[What is expected] Your output must be the lines below from the line containing "Dog Walker man emoji" to the line containing "Obraz vector heart, valentine's day, love", both lines included, reproduced exactly and without pictures.

•••

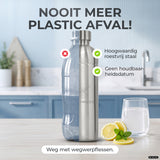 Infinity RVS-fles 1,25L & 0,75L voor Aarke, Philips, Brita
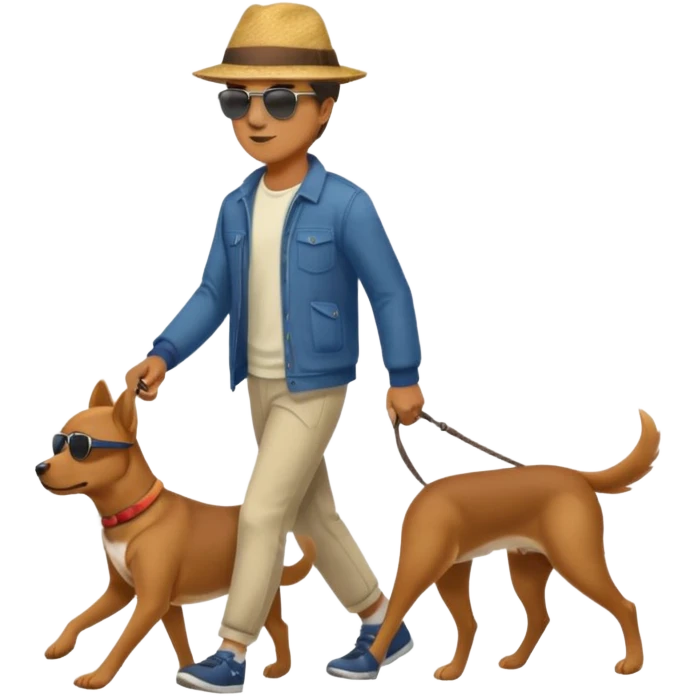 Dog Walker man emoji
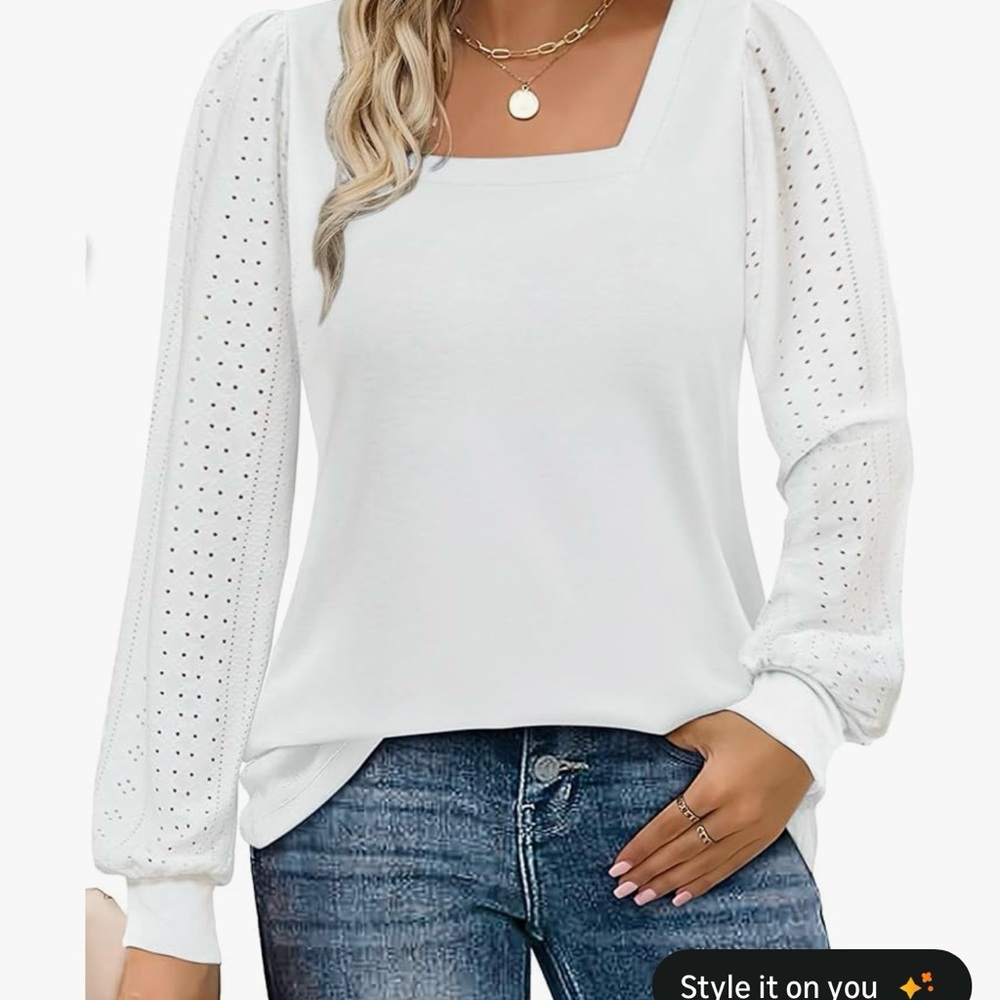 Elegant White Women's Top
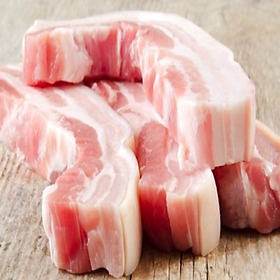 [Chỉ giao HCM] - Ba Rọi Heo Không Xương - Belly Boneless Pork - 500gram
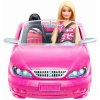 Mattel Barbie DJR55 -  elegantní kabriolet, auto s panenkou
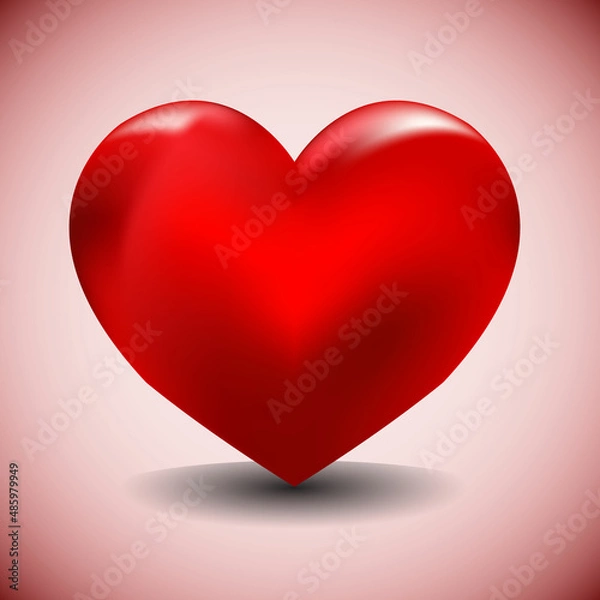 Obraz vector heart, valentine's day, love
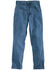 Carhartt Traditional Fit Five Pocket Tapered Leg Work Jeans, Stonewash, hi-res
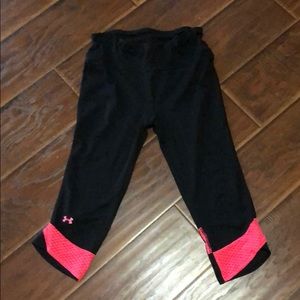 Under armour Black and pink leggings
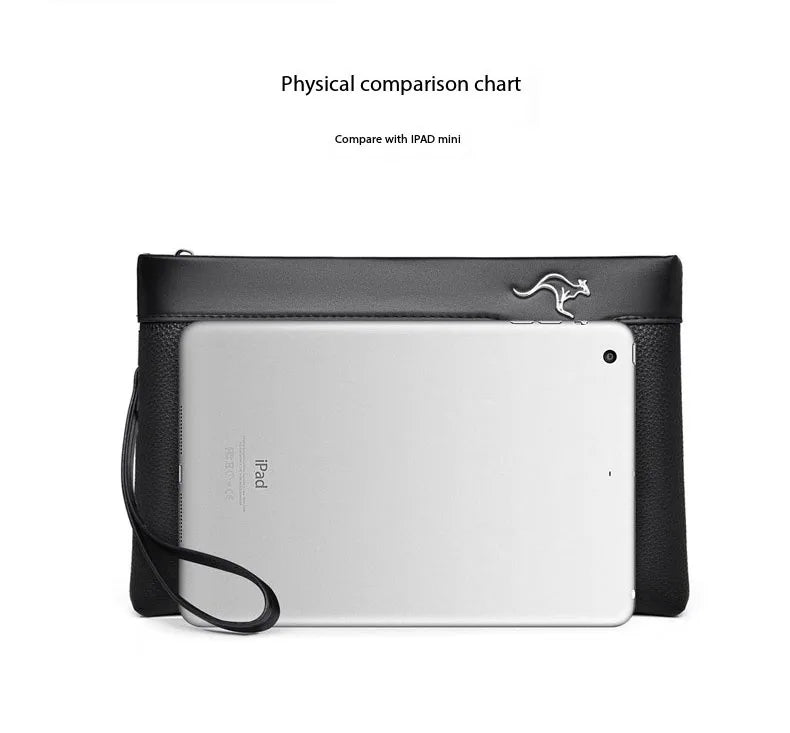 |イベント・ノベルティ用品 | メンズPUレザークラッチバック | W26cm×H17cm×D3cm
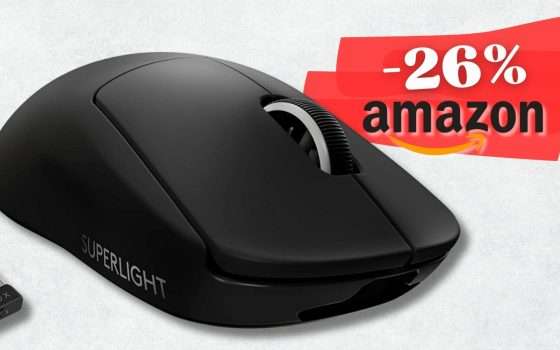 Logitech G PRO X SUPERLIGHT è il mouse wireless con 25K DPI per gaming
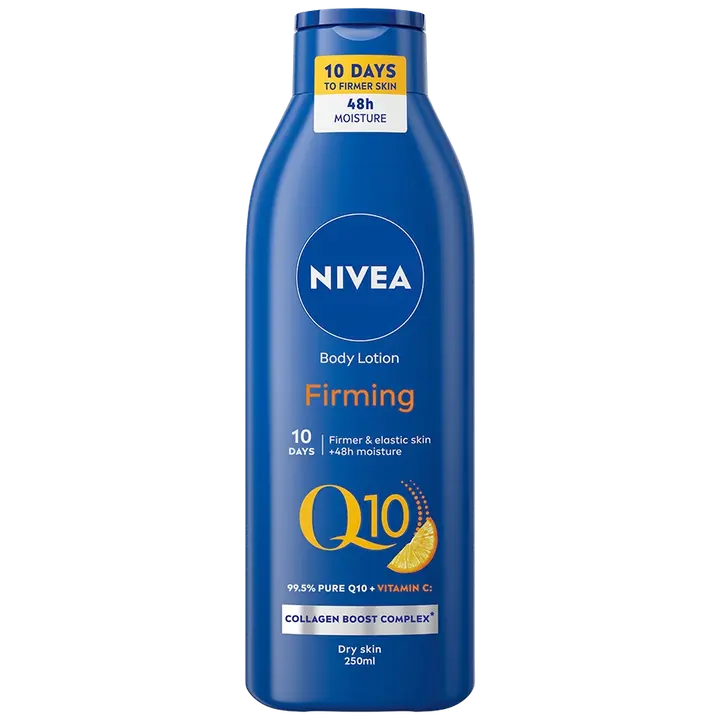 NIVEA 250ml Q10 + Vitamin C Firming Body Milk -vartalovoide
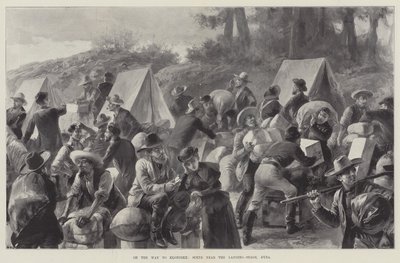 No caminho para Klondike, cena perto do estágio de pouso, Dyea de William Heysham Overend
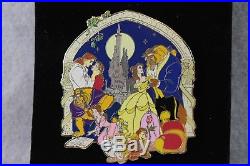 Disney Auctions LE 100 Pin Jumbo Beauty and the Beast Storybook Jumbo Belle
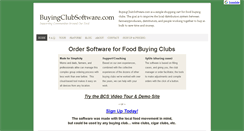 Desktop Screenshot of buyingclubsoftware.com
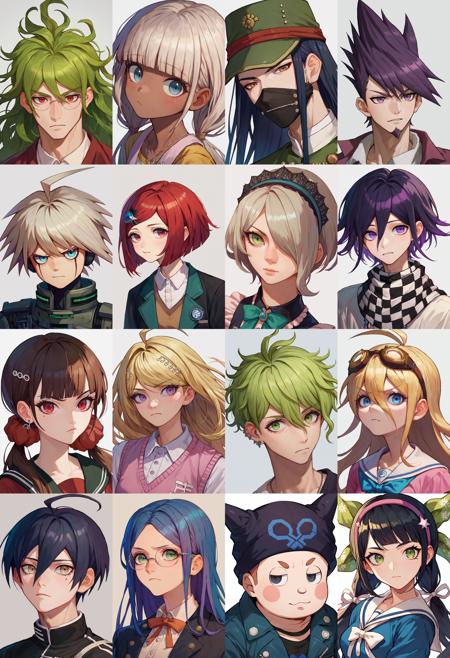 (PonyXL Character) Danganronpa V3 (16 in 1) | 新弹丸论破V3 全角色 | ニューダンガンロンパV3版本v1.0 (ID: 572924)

•••

[Result of the task]
 Dog Walker man emoji
 Elegant White Women's Top
 [Chỉ giao HCM] - Ba Rọi Heo Không Xương - Belly Boneless Pork - 500gram
 Mattel Barbie DJR55 -  elegantní kabriolet, auto s panenkou
 Obraz vector heart, valentine's day, love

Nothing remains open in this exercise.